*** Raw data ***
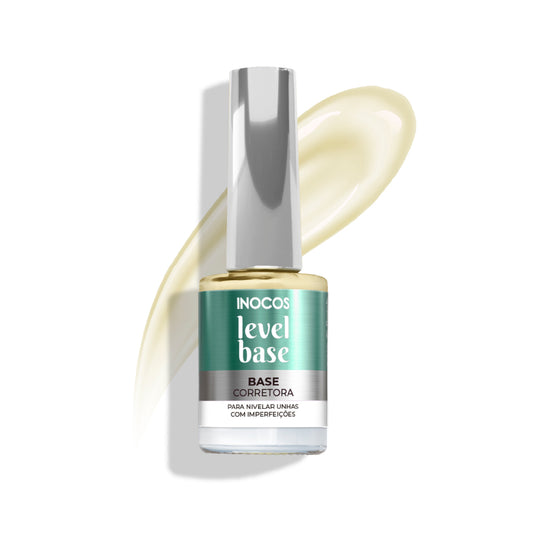 INOCOS CARE & FINISH LEVEL BASE CORRETORA, 11ML 
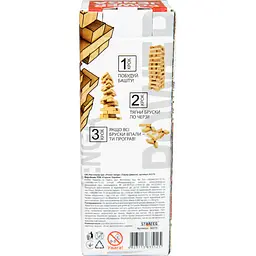 Настільна гра Strateg Power Jenga 48 брусків (30275) - мініатюра 3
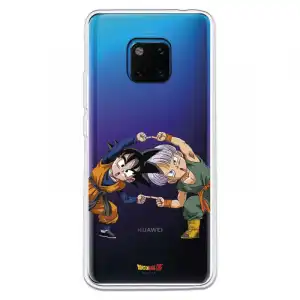 Funda Para Huawei Mate 20 Pro Oficial De Dragon Ball Goten Y Trunks Fusión - Dragon Ball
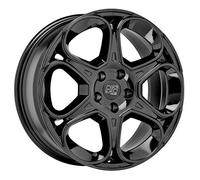 ALUFELGE MSW MSW 83 FUR OPEL ASTRA GTC 7X17 5X110 GLOSS BLACK 66U
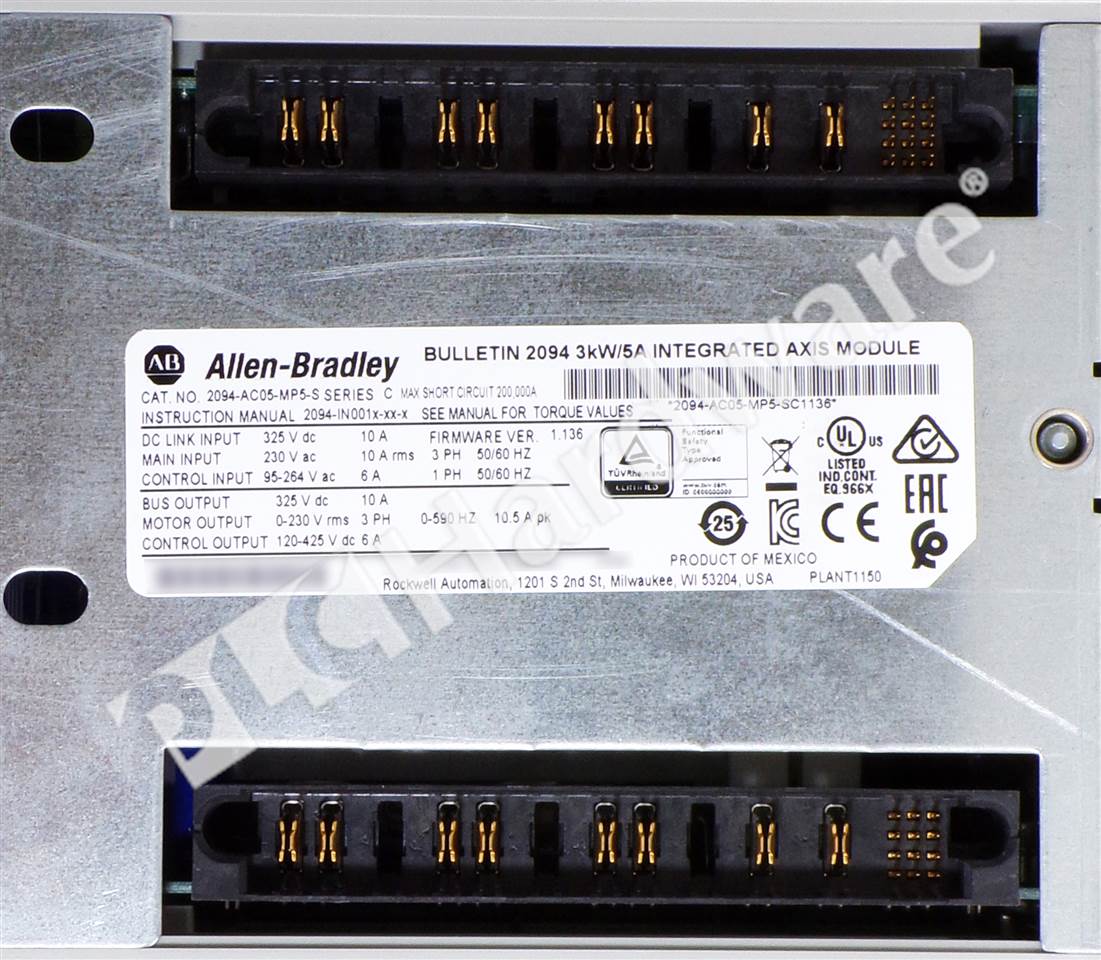 2094-AC05-MP5-S/C 6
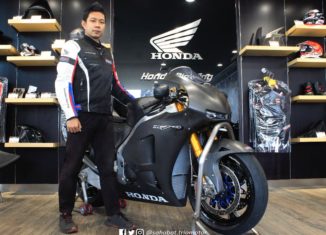 Honda RC213V-S Hadir di Banjarmasin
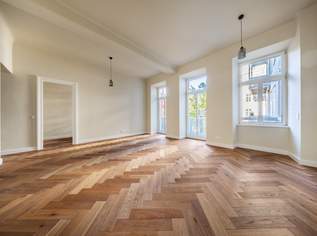Großer BALKON mit 14,5 qm und Blick in den begrünten Innenhof! Generalsanierter 3-Zimmer-Altbau mit 2 Bädern!, 990000 €, Immobilien-Wohnungen in 1040 Wieden Großer BALKON mit 14,5 qm und Blick in den begrünten Innenhof! Generalsanierter 3-Zimmer-Altbau mit 2 Bädern!, 990000 €, Immobilien-Wohnungen in 1040 Wieden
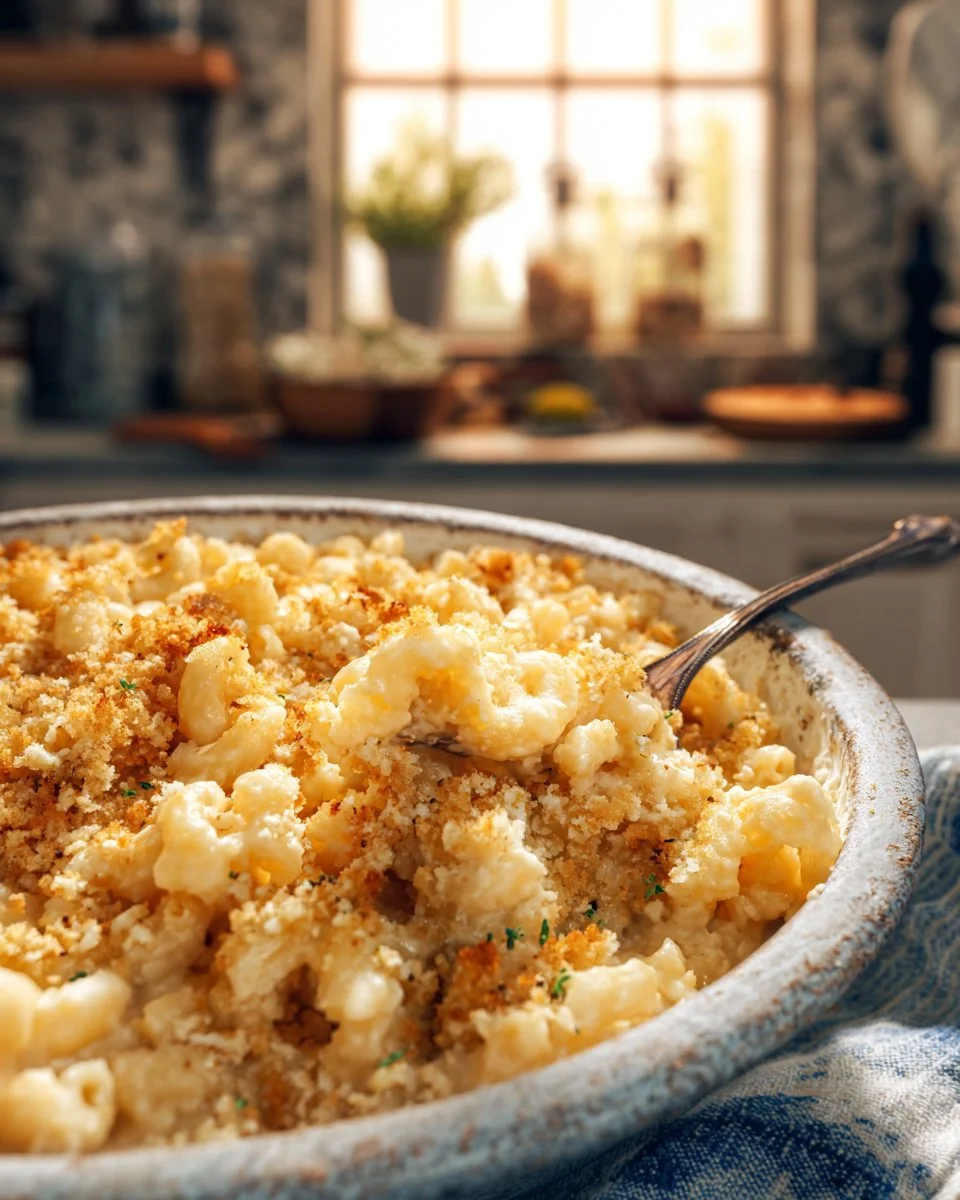 Baked Vegan Mac and Cheese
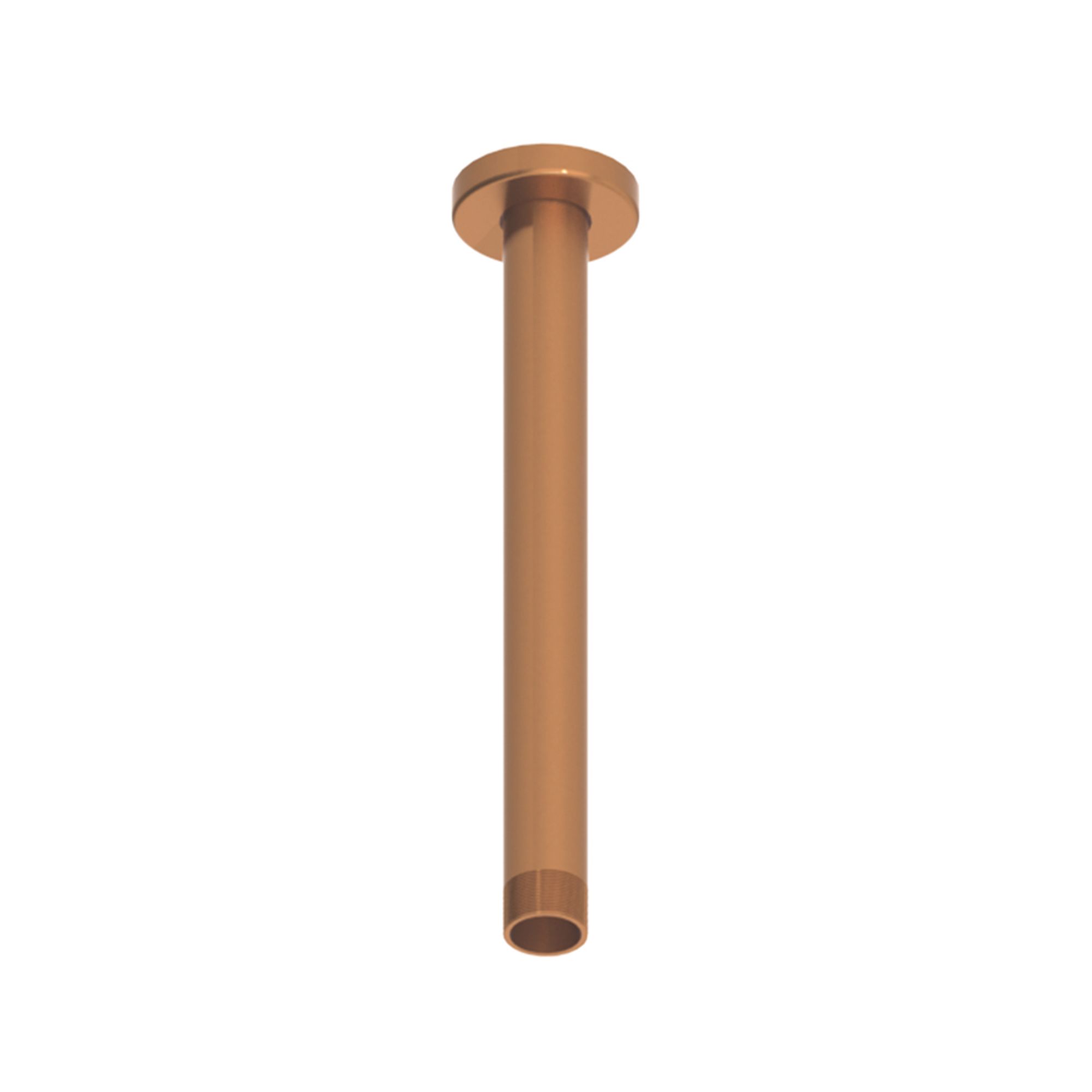 Aquadry Oria Bronze Effect Ceiling-Mounted Shower Arm Price Comparisons | Compare The Build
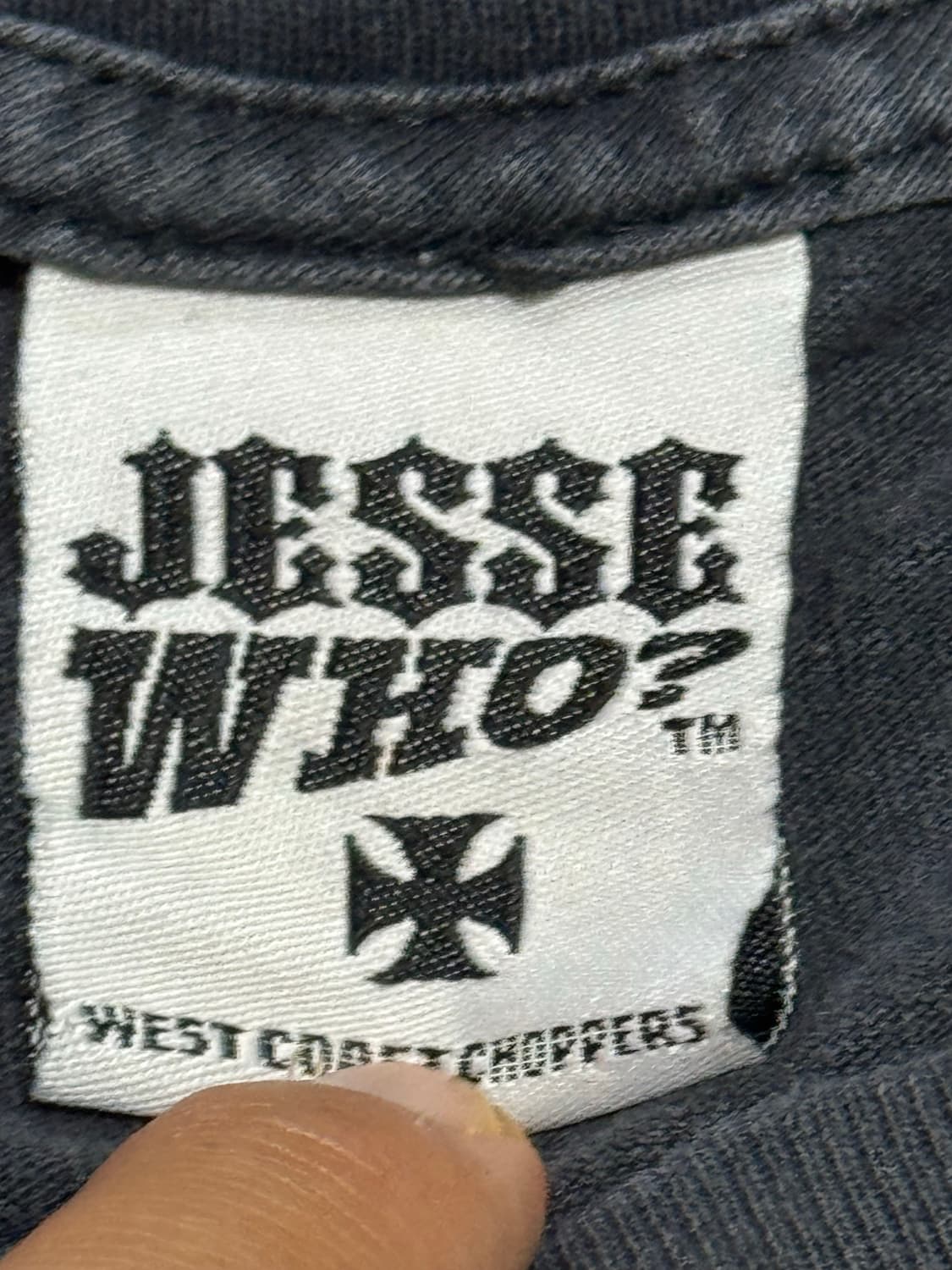 90s west coast choppers shirt 상품이미지5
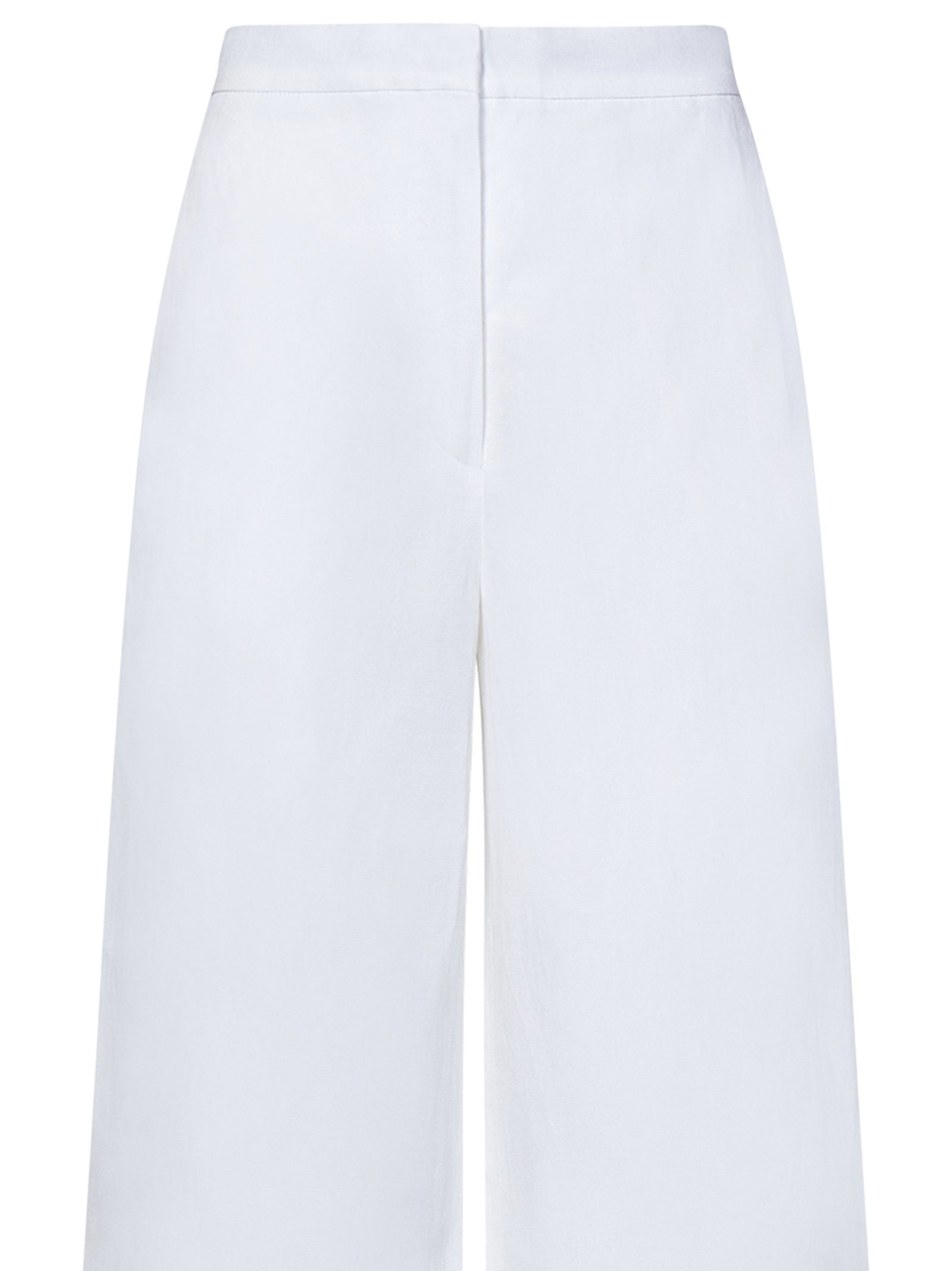 Max Mara Maxmara Studio Gary Trousers In White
*** End of Raw data ***
**Task details**
Nothing but an exact copy is needed, covering the lines from the line with "90s west coast choppers shirt 상품이미지5" through the last line of the entries, pictures excluded.

**Solution**
 90s west coast choppers shirt 상품이미지5
 Max Mara Maxmara Studio Gary Trousers In White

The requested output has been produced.